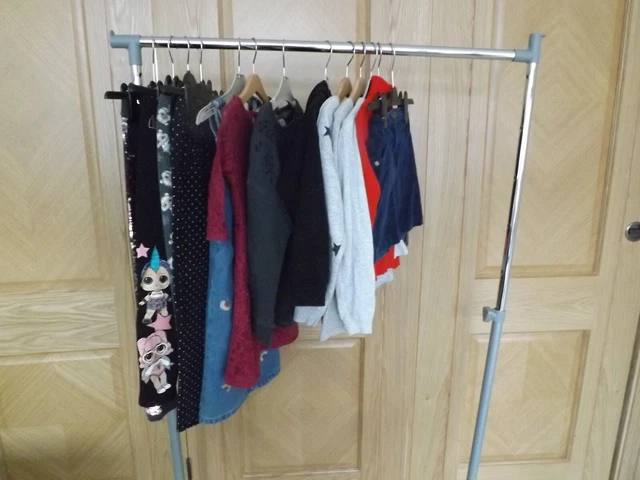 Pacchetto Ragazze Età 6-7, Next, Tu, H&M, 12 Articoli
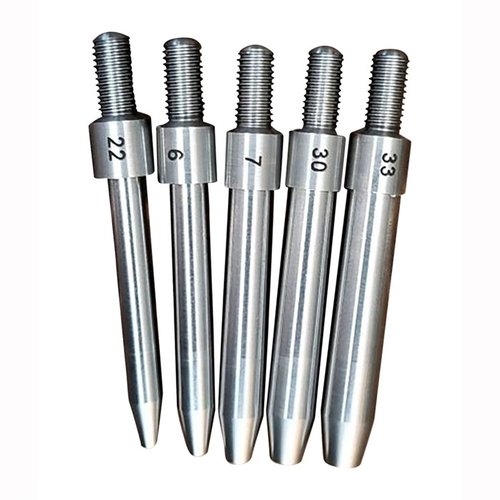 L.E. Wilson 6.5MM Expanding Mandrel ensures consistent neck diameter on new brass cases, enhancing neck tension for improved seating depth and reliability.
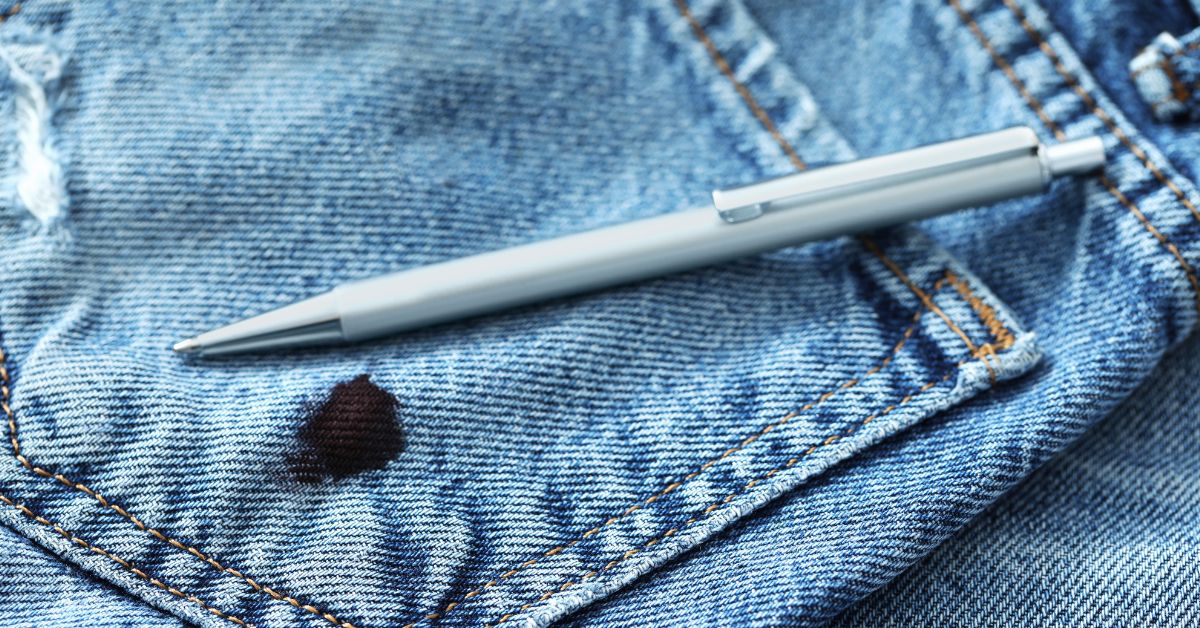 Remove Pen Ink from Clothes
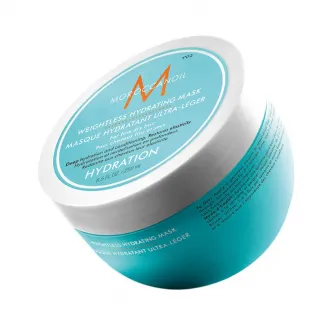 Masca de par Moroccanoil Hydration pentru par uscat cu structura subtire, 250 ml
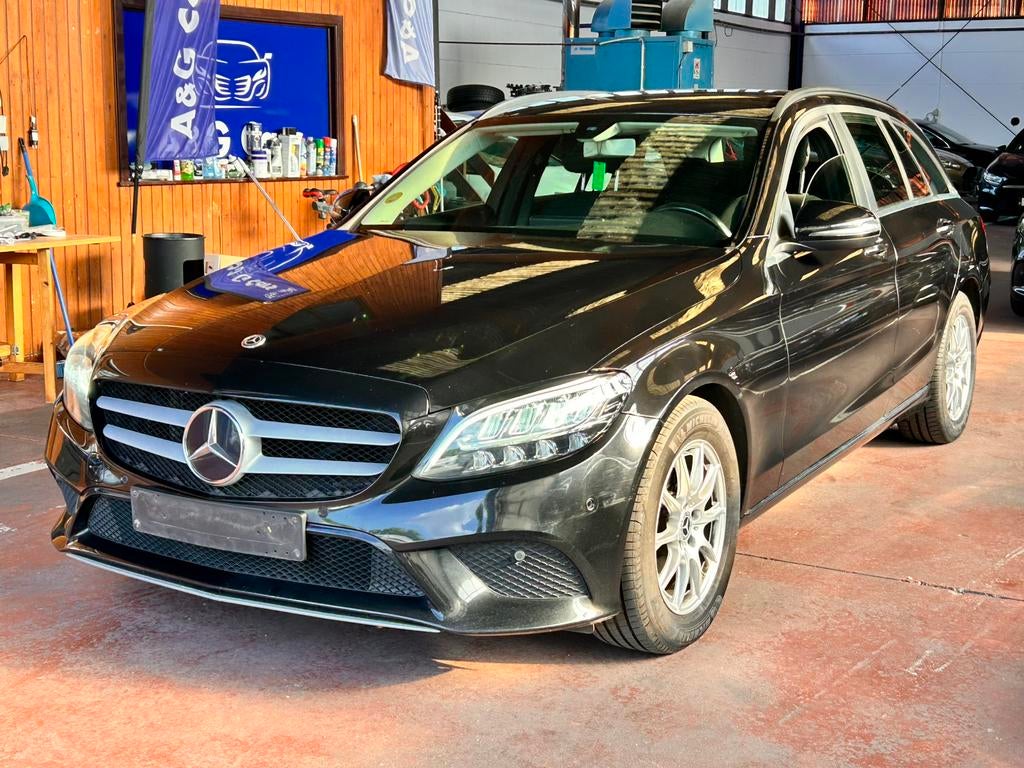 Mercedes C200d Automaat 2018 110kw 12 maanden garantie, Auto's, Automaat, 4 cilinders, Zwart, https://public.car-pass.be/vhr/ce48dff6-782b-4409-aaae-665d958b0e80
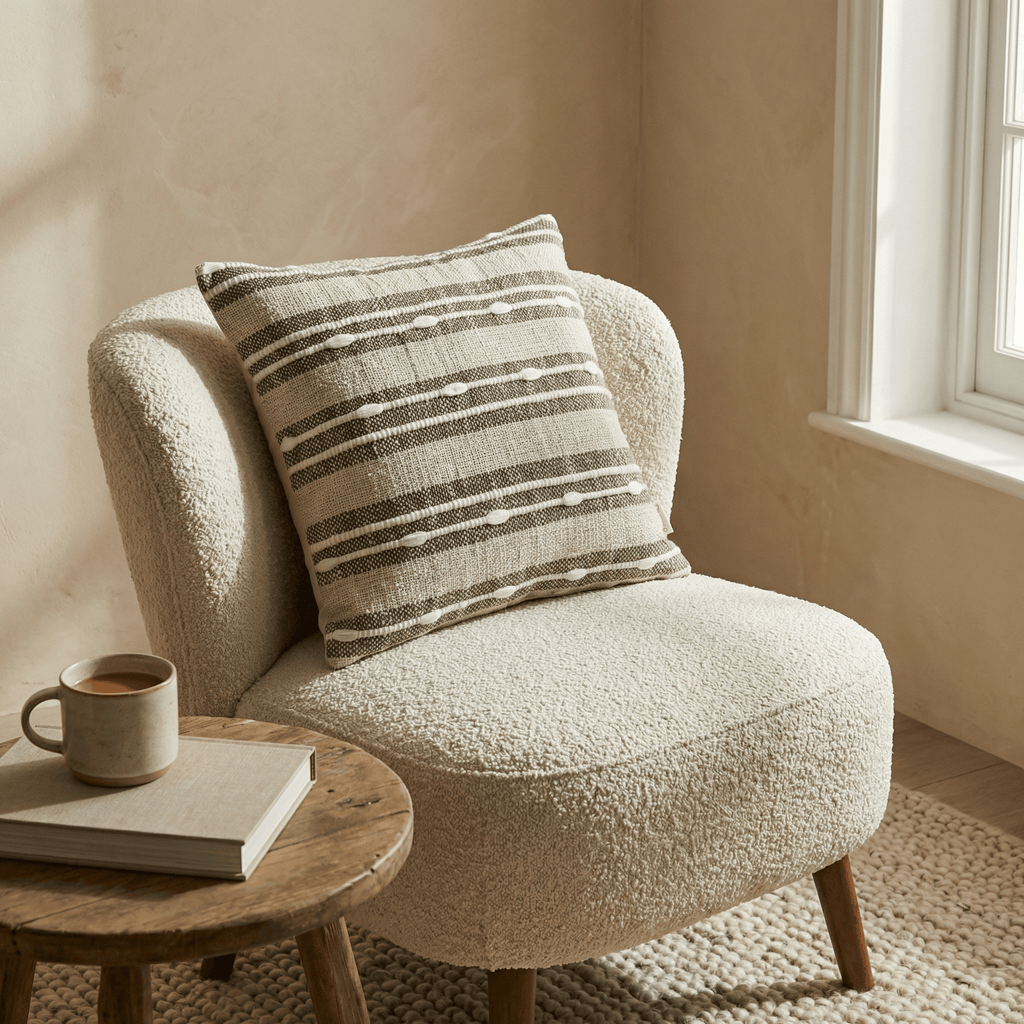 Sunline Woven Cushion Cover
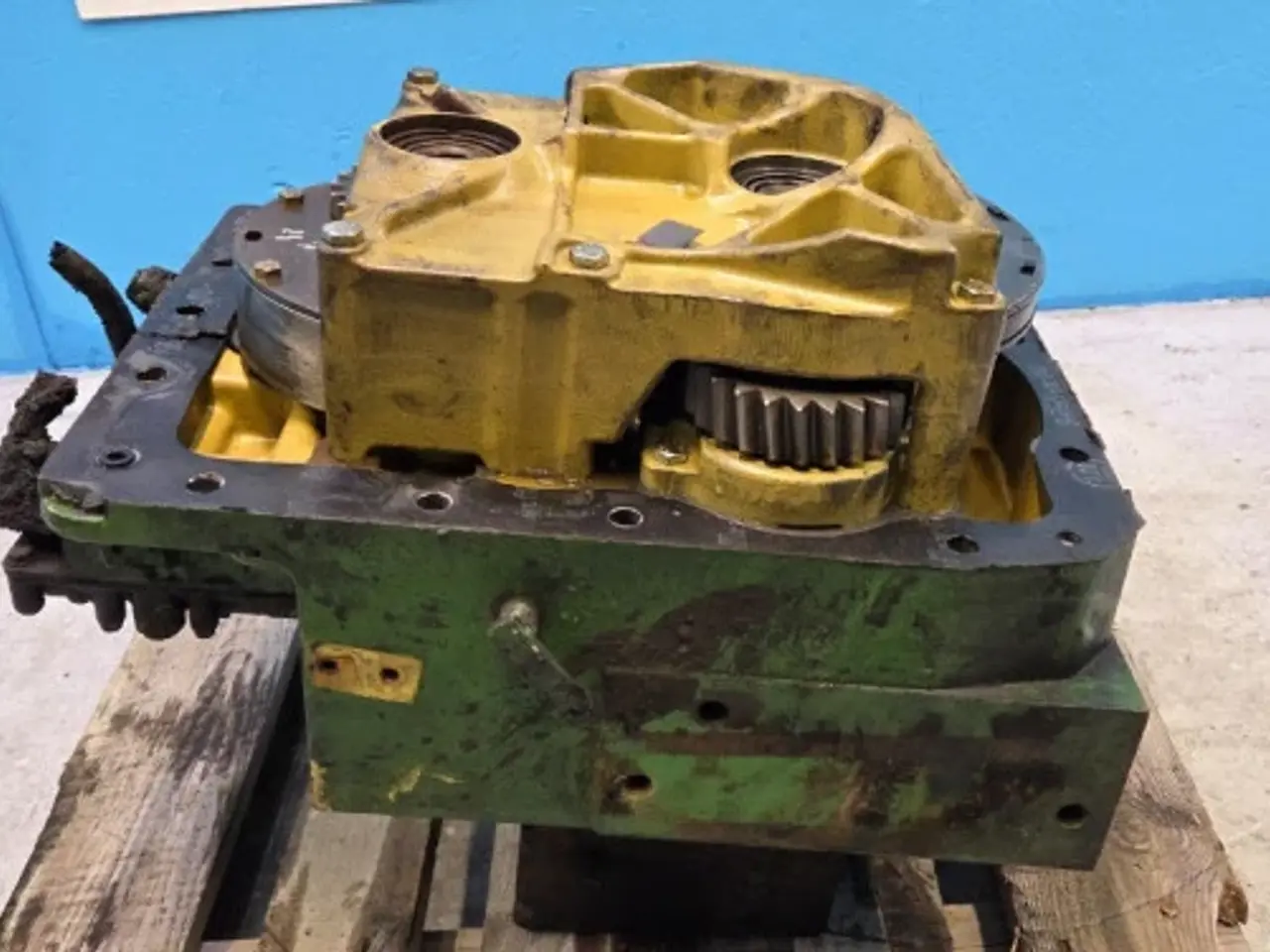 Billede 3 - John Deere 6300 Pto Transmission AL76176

....

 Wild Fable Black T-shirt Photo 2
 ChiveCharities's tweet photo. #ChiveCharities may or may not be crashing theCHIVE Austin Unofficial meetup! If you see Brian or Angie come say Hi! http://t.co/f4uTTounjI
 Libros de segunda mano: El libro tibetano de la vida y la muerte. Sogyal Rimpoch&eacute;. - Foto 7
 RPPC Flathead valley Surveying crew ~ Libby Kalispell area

....

» Work request
For this task, return exactly the stretch of the listing above from the line with "Masca de par" through the line with "Billede 3 - John", inclusive and without pictures.

» Result of this exercise
 Masca de par Moroccanoil Hydration pentru par uscat cu structura subtire, 250 ml
 Mercedes C200d Automaat 2018 110kw 12 maanden garantie, Auto's, Automaat, 4 cilinders, Zwart, https://public.car-pass.be/vhr/ce48dff6-782b-4409-aaae-665d958b0e80
 Sunline Woven Cushion Cover
 Billede 3 - John Deere 6300 Pto Transmission AL76176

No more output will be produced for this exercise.